If desired, I can provide the world's lengthiest rambles on exactly how, what, and why with regards to what I'm trying to achieve, but I think everything I've stated above is enough to explain my goal without going on lengthy tangents and such?

EDIT: I just realized that my hypothetical idea for such a script would conflict with manually turning on the wifi, i.e. if 192.168.254.123 isn't present but I manually turn on the wifi, the automated script would just turn the wifi right back off in 30 seconds to a minute.

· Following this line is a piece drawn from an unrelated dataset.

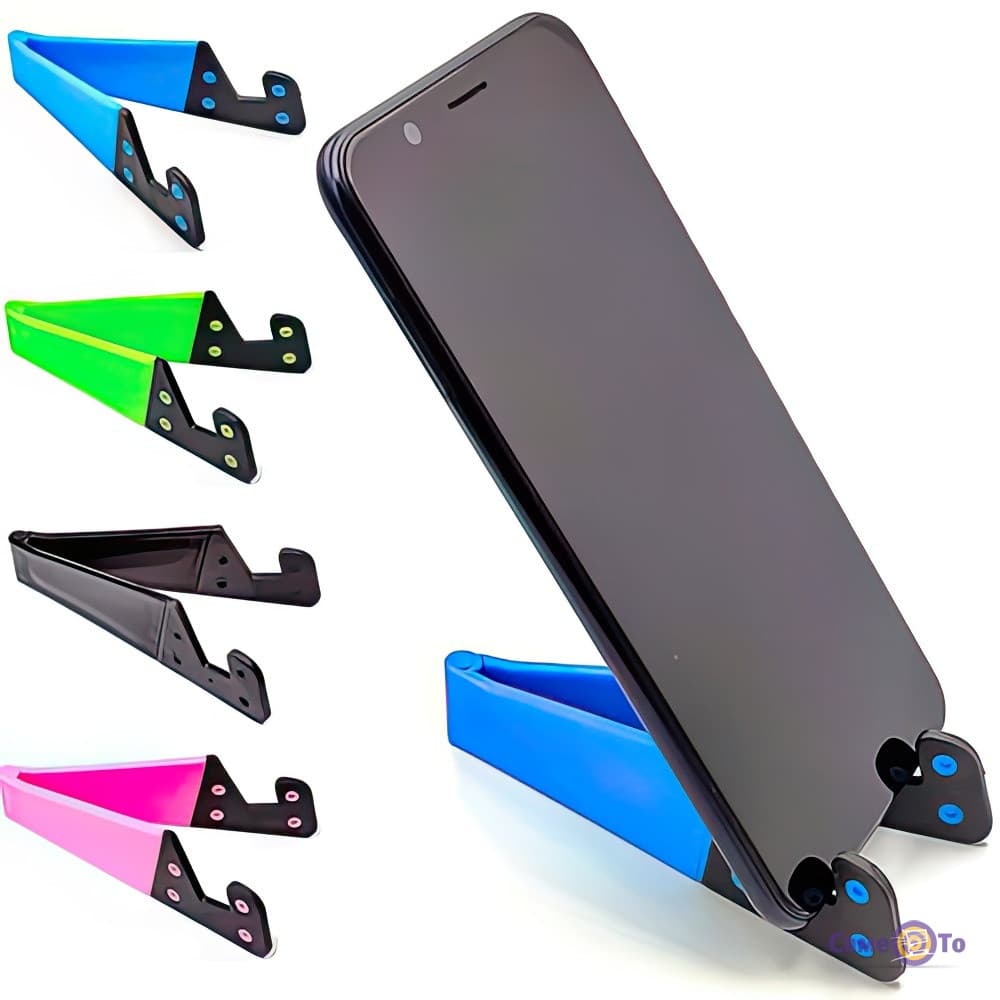 Suport pliabil telefon pentru birou, plastic,diverse culori — principală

So I guess the proper solution would be something like, 30 seconds or one minute after 192.168.254.123 is no longer present, it'll run the "turn off wifi" command only once and do nothing more until 192.168.254.123 reconnects before resuming the script? And maybe, for consistency sake, it could make sense to also run the "turn on wifi" command only once whenever 192.168.254.123 connects, but I have no idea if this would simplify the script or not.

EDIT 2: So to summarize:

if 192.168.254.123 is ping-able then, after 30 seconds, turn on the wifi once
30 seconds after 192.168.254.123 is no longer ping-able, turn off the wifi once
rinse & repeat

And an alternative, possibly better variation of this idea would actually be the following, but I'd really like to see what a script would look like for both the above and below so that I may have better understanding on how to do this on my own:

if 192.168.254.123 is ping-able then, after 30 seconds, turn on the wifi once
15 minutes after 192.168.1.210 (note the different IP address) is no longer ping-able, turn off the wifi once
wait until 192.168.254.123 (the first IP address) is no longer ping-able before continuing the script
rinse & repeat

Also there may be situations where I'm dealing with devices that don't have a static IP address, so I'm wondering if it's alternatively possible to use a MAC address or the device's hostname?